BİR KONU BİR KONUKİŞ DÜNYASIÖNE ÇIKAN HABERLERPAZAR SOHBETLERİ

“İnsanlık devrimselden öte evrimsel bir değişimden geçiyor!”

BrighteneD Coaching, Mentoring and Consultancy kurucusu, Berrin Demirezer (PCC, CPCC, Takım Koçu) değerli okurlarımız için jeopolitik ve finansal risk yönetimi uzmanı, yatırım bankacısı Ozan Özkural ile çok özel bir röportaj yaptı.

⭐️  ⭐️  ⭐️

Berrin Demirezer’in kendine has üslubuyla hazırladığı giriş yazısını ve başından sonuna öğretilerle dolu olan röportajını değerli okurlarımız için keyifle yayımlıyoruz. Kahvelerinizi almayı unutmayın; sürükleneceksiniz… 
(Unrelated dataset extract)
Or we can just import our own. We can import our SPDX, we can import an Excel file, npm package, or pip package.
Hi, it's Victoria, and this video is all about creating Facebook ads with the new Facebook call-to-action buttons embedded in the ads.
“Kaosun içindeki sadeliği bulun,
Gürültünün içindeki harmoniyi bulun,
Her zorluğun ortasında bir fırsat vardır.”
Albert Einstein.

✍️

Finans piyasasını yazılı ve görsel basından takip ediyorsanız konuğumu mutlaka tanıyorsunuzdur. Kendisiyle bu görüşmeyi yapmak isteme amacım yatırım tavsiyesi almak değil tabi ki.
En çok merak ettiğim konu, iş hayatında bir jönglör gibi 8 topu havada çevirirken, nasıl bir varoluş hali var?
34 yaşında kendi global yatırım şirketini kurup 10 yıldır kriz okyanusunda sörf yaparken, değer setinde neler var, nerede ve nasıl kullanıyor?
Konuğum Londra’da yaşayan, jeopolitik ve finansal risklerin yönetimi konusunda küresel tanınırlığa sahip yatırım bankacısı Ozan Özkural.
Sohbetimizin bende bıraktığı tadı paylaşmak isterim.
Onu dinlerken; çocukluğundan itibaren, “Dünyanın işleyişi nasıl?” sorusuna cevap arayışıyla kendisini büyüttüğünü ve kariyerini bu perspektifle yönlendirdiğini duyabiliyorsunuz.
Bunun yanı sıra Psikolog Angela Duckworth’un Grit kitabını tekrar okuyor gibi hissettim. IQ ve yeteneğinin bilincinde olarak, belirlediği hedef için azim ve tutkuyla, her gün ama her gün çok yoğun bir ajanda ile çalışmaya devam ediyor.
Bu pozitif bir döngü. Yoğunluk arttıkça motivasyonu ve heyecanı yükseliyor.
A. Einstein’ın yukarıda paylaştığım sözüne Ozan Özkural adına ekleme yapmak isterim. Sadece zorlu şartlarda değil, her zaman mütevazılıği ile sadeliği, farkındalığı ile harmonideki dengeyi ve tecrübesiyle krizdeki fırsatları keşfediyor.
Çok yakın bir gelecekte kendisini farklı bir konum ve sıfat ile göreceğimize eminim.
Ozan Özkural ile Fikir Liderleri okurları için 90 dakikada dünyaları konuştuk.
Bu keyifli sohbette açık, şeffaf ve içten açıklamaları, ayrıca misafirperverliği için kendisine çok ama çok teşekkür ederim.
Keyifli okumalar dilerim,
Berrin

⭐️   ⭐️   ⭐️

Berrin: Ozan Özkural?

Kendimi bildim bileli hep enerjik ve hiperaktif olmuşumdur. Tatilde dahi erkenden kalkar, bir dalış kulübüne gider, yarım saat dalış öğretmenliği yapar sonra bizimkilerle buluşurdum.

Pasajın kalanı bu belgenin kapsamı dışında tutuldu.